I have read about two different approaches to calculating a least-squares fit to points in 2D, and I'm having trouble seeing how these two approaches are related.
So, suppose we have $n$ 2D points $(x_1,y_1), \ldots, (x_n, y_n)$ that we want to fit with a straight line. I want a so-called total least squares fit, i.e. I want to minimize the sums of squares of orthogonal distances to the line.
Let's suppose the data points have already been normalized so that $\sum x_i = 0$ and $\sum y_i = 0$. Then it's pretty easy to show that the best fit line passes through the point $(0,0)$ and so it has the form $Ax + By = 0$, and we just need to find $A$ and $B$.
This paper gives one way to calculate $A$ and $B$. We define $$ a = \sum x_i^2 - \sum y_i^2 \quad\quad ; \quad\quad b = \sum x_iy_i $$ and then $$ A = 2b \quad\quad ; \quad\quad B = - a - \sqrt{a^2 + 4b^2} $$ OK. Cool.

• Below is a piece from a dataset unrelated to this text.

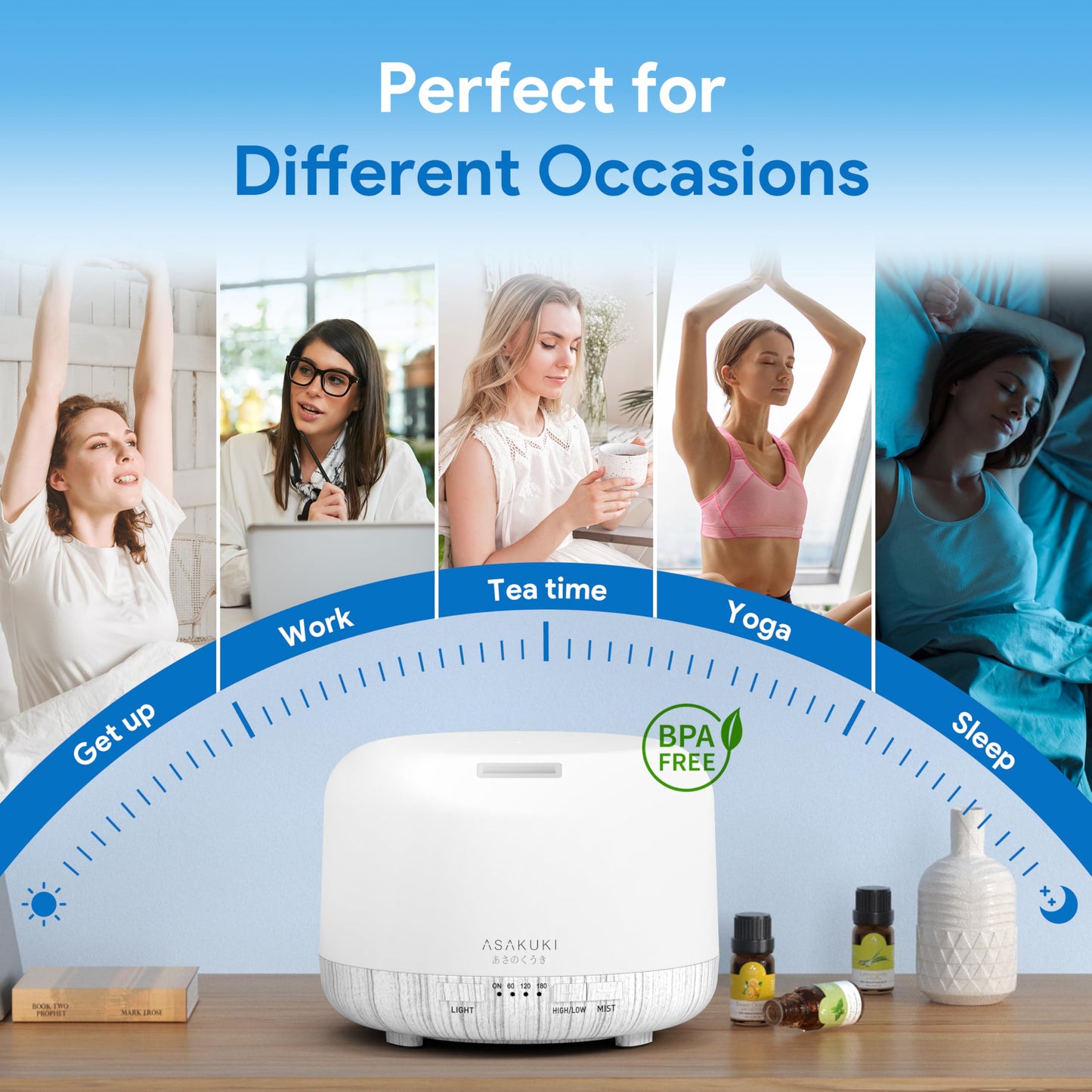 ASAKUKI Essential Oil Diffuser for Home, 500ML Aromatherapy Humidifier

Nice and simple.
But a more common approach (like here, for example) is to form the matrix $$ M = \begin{bmatrix} x_1 & \ldots & x_n \\ y_1 & \ldots & y_n \\ \end{bmatrix} $$ and then the normal vector $(A,B)$ of the best fit line is given by an eigenvector of $MM^T$ corresponding to its smallest eigenvalue.
So, my question: the simple formulas for $A$ and $B$ are somehow magically telling me about the eigenvectors of a matrix. How can that be? I don't see the connection at all.
For the case of a $2 \times 2$ matrix $M$, we have the two facts
$$\lambda_1+\lambda_2= trace(M)$$ and $$\lambda_1\lambda_2= det(M)$$
where $\lambda_1,\lambda_2$ are the two eigenvalues. That's the "magic connection".
There's still work you would have to do to compute the trace and the det. And then you would have to solve for the two eigenvalues from knowing their sum and their product (Hint: eliminate one of them, and you should end up with a quadratic equation in the other. Your formula for $B$ sure looks like an application of the quadratic formula.)
It's a bit messy, but we are able to get those fairly simple formulas in the end. It's only because we're dealing with a $2\times 2$ matrix, where we have fairly nice equations obeyed by the eigenvalues - it would all be considerably more messy for even the $3\times 3$ case.
[Note : I confess that I didn't carry out the math just now to verify that it works exactly how I've described. But I'm pretty sure I did this before, and I'd bet a few bucks that it does.]